Stored entries:
↓↓↓

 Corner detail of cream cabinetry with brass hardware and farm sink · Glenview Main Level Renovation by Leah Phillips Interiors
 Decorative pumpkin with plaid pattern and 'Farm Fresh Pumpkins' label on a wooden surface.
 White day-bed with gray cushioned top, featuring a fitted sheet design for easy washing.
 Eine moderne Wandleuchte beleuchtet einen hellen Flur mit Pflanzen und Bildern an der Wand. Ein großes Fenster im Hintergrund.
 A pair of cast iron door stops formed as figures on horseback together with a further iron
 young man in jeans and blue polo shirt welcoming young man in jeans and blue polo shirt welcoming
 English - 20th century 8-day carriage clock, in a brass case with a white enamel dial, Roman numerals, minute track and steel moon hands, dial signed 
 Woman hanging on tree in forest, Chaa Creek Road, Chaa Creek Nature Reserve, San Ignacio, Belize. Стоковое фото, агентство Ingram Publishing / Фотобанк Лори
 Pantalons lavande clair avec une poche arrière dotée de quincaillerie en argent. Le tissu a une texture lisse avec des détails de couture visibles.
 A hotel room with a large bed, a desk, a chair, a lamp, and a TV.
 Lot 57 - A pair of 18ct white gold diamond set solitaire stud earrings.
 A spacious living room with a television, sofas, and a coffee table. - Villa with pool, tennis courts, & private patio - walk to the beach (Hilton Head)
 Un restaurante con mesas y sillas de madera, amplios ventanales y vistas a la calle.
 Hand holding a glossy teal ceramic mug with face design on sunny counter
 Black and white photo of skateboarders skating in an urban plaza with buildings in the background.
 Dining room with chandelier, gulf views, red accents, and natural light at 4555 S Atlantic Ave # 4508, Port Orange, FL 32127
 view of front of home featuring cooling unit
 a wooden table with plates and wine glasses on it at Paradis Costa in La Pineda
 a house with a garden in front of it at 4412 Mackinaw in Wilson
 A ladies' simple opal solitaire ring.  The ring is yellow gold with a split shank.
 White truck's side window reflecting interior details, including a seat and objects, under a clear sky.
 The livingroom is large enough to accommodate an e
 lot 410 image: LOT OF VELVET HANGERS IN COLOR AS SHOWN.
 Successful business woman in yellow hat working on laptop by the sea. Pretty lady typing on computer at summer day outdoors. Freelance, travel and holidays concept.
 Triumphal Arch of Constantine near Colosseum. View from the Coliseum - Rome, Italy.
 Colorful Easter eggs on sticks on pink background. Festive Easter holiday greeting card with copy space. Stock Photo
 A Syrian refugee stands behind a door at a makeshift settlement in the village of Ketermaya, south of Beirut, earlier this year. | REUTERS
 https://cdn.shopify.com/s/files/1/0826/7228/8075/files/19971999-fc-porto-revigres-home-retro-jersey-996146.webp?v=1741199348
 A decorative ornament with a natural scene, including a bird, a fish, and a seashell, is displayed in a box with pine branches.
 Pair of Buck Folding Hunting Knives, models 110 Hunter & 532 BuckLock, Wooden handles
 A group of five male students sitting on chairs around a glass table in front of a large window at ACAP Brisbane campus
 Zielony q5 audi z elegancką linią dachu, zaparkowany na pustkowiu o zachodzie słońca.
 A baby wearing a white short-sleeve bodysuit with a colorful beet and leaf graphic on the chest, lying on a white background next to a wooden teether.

↑↑↑

Which lines hold the word "table"? Copy each of them from the records.

WRITTEN RESPONSE
 A spacious living room with a television, sofas, and a coffee table. - Villa with pool, tennis courts, & private patio - walk to the beach (Hilton Head)
 a wooden table with plates and wine glasses on it at Paradis Costa in La Pineda
 A group of five male students sitting on chairs around a glass table in front of a large window at ACAP Brisbane campus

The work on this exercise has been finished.